GPU memory leak
m-pilia opened this issue · 12 comments
I ran two batches of registrations overnight (scripted with the Python API) on two different machines, and both crashed after about 30 registrations due to OOM on the device. I just launched one batch again, and it's leaking around 290 MiB of device memory for each registration.
Oh, that's bad. I'll take a look. Probably some weird thing I didn't consider with constructors/destructors on CUDA.
I have been giving a look at this this morning. 290 MiB ≈ 302 MB is the total size of fixed and moving pyramids when registering two POEM volumes using two channels. A run with cuda-memcheck
confirms that the leak is coming from GpuRegistrationEngine
, mostly from set_image_pair
. However, it seems the mask pyramid is not leaking, so it is probably something wrong with the vector of pyramids. I am trying to dig into this...
Looking into it it seems like there's some GpuVolume
not being released somewhere. There are two dangling GpuVolumeData
s that causes the leak.
That, plus the two thrust::device_vector
instances in the GPU landmark cost function.
A fix is to manually call the destructor of the image pyramids within the destructor of GpuRegistrationEngine
, but I would like to understand why it is not called automatically.
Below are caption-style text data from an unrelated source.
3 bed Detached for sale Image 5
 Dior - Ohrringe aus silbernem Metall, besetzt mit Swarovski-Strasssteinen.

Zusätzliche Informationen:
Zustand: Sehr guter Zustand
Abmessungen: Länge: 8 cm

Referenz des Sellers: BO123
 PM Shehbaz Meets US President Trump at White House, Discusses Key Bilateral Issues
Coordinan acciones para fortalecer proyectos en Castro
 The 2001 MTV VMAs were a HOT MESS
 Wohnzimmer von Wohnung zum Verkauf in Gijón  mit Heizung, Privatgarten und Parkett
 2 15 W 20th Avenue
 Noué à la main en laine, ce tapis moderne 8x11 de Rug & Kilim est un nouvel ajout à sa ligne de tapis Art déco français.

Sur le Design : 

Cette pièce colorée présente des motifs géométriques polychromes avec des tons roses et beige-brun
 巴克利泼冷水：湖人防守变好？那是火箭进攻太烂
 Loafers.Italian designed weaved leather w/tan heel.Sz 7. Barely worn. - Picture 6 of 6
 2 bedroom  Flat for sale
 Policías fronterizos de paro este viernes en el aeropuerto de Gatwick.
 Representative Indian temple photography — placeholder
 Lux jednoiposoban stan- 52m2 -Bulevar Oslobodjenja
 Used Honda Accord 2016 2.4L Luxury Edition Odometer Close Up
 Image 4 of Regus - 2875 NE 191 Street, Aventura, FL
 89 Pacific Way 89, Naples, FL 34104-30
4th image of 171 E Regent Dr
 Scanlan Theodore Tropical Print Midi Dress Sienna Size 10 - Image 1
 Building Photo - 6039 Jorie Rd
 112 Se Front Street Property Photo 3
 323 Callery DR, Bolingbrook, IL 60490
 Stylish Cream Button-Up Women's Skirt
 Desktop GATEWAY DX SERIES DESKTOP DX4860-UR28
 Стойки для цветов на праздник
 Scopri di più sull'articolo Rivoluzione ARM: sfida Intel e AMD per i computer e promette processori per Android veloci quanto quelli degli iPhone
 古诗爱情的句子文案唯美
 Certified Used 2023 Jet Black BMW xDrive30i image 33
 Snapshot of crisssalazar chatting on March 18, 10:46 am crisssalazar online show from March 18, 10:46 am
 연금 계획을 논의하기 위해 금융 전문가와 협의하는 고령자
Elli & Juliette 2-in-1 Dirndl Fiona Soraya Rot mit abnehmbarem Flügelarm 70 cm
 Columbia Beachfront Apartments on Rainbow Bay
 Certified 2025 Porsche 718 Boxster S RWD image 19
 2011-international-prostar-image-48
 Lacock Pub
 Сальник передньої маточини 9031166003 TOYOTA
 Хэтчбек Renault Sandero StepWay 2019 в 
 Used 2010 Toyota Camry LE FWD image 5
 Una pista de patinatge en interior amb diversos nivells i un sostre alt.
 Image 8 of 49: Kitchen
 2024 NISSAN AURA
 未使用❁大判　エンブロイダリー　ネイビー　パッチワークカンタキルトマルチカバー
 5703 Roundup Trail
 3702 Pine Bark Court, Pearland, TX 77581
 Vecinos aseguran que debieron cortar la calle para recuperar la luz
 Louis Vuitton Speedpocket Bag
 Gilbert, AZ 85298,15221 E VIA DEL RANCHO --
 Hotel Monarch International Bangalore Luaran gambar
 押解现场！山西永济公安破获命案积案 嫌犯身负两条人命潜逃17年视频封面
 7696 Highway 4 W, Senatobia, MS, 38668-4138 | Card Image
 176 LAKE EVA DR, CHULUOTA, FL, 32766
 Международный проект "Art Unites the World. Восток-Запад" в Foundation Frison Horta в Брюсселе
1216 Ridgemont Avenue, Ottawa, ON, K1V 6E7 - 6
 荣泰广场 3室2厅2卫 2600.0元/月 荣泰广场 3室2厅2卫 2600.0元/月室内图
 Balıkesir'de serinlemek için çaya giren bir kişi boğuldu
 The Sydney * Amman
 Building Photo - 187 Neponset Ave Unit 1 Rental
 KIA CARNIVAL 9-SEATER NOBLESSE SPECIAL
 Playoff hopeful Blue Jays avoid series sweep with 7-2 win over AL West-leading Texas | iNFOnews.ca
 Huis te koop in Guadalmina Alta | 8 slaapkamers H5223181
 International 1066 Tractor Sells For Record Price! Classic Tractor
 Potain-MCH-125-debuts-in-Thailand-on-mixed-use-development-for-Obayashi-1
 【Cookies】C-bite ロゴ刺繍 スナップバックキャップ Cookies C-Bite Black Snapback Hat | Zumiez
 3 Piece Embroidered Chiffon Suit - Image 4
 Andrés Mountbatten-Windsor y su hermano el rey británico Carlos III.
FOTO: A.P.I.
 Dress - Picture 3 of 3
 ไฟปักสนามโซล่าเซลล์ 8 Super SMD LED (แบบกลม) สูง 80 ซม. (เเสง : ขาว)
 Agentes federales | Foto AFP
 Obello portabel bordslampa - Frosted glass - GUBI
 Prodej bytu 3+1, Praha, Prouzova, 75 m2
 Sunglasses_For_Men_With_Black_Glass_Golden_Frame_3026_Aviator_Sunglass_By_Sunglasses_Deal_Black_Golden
I was thinking that maybe the shared_pointer
of the _volume_data
gets captured somewhere by accident.
The destructor of GpuVolumePyramid
seems to be invoked, so calling it again is probably just cleaning up somebody else's mess.
I have found the problem. I think we were pretty much misusing unique_ptr
in the GpuUnaryFunction
, replacing it with a shared_ptr
seems to solve all the issues.
Hm, but how is it misused? It should be unique, right? Otherwise we would have the same problem on CPU.
Ohh, GpuSubFunction
have no destructor!
Oh, that makes sense!
Weird, shouldn't we have had the same problem with a shared_ptr
too?
As a side note, we should probably have a pure virtual destructor for this kind of base classes.